A movie with such a big budget and stars such as Russell Crowe and Paul Bettany needs to be as historically accurate as possible. Peter Weir‘s 2003 blockbuster film Master and Commander: The Far Side of the World used the services of Lavery as a historical consultant. I thoroughly enjoyed watching the ship battles and the movie sets being put to use. Warships began to carry an increasing number of cannons on their broadsides by the middle of the 17th century. In order to bring each ships’ firepower to bear in a line of battle tactics had to evolve.
For those like myself who know precious little about the layouts of sailing vessels Lavery pulls together information from various sources to make a very enjoyable and digestible book on model ships. His book is broken down into seven chapters: Labour and Materials, Starting the Ship, Frames, Outside Planking, Inside the Hull, Fittings and In the Water. Each of those chapters includes very clear photographs of specific ship models, a robust description of ship construction techniques and interesting illustrations and historical manuscripts. All of these elements together creates an interesting story for the reader to follow, from start to finish, so the reader can understand more than just the construction techniques used to build a ship. The reader is educated on the costs of building a ship, how locations are scouted for building a ship, and the lumber used among many subjects covered over 128 pages. The pages are crisp, the illustrations and photos are clear, and I cannot express enough how enjoyable this book is to read.
Lavery offers lots of bits of interesting facts about shipbuilding. For example, he wrote, “Shipyards were relatively simple in the 18th and 19th century and needed little capital equipment. The main requirement was a site on a firm bank close to the river which was deep enough for launching the ship.”

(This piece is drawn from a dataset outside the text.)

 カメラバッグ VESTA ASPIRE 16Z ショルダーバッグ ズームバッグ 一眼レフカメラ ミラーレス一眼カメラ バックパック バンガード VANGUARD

The sections on British dockyards, shipwrights, and the tools used are interesting. Whole communities of people were built around the dockyards. There is a section written of on the different parts of trees used and how timber is stored that really piqued my interest. British Oak was preferred for ship building so not just any kind of timber would do. Each piece had to be large enough to be useful. Timber merchants provide most of the materials. It was noted that fir timber coming from North America in general did not have the strength of the Baltic fir, and oak from the southern provinces ‘is not fit for the navy.’ These little fascinating insights made my Sunday coffee and book reading afternoons very enjoyable.
At one time in England their Royal Dockyards employed more than 15,000 men and they were not devoted to building ships but rather for maintenance. Various types of ships, from 20 gun ships to 74 gun ship and even more, are written about and a reader can see the sizes compared and contrasted on the pages. The longest wooden ships in known history measured from 59-56 meters (193 to 184 feet) to over 100 meters (328 feet). The Appendix covers the proposed cost of the shipwrights’ work in building several vessels and for repair and it lists ships with 100, 74, 44, or 32 guns.
By the 1790s construction methods allowed for the windows of the wardrooms and the galleries and captain’s cabins to be lighter. Ships fought rigidly in the line of battle and their sterns were rarely exposed to gun battle. Nelson and others began to change tactics and one was to rake the enemy by getting across their stern and firing through the weak structures.
Lastly, one of the coolest bits of information given is that some of the ship images have a catalog number written on them. Simply by going to the museum’s website and entering the corresponding number marked on the photo will take you to that particular ship web-page where you can find much more about the ship and model in the maritime museum’s extensive collection. Here is the collections website. Again, just enter the corresponding reference number in the search box.
If you get a chance, pick up one of these books, either for yourself or for a friend. I believe you will enjoy it.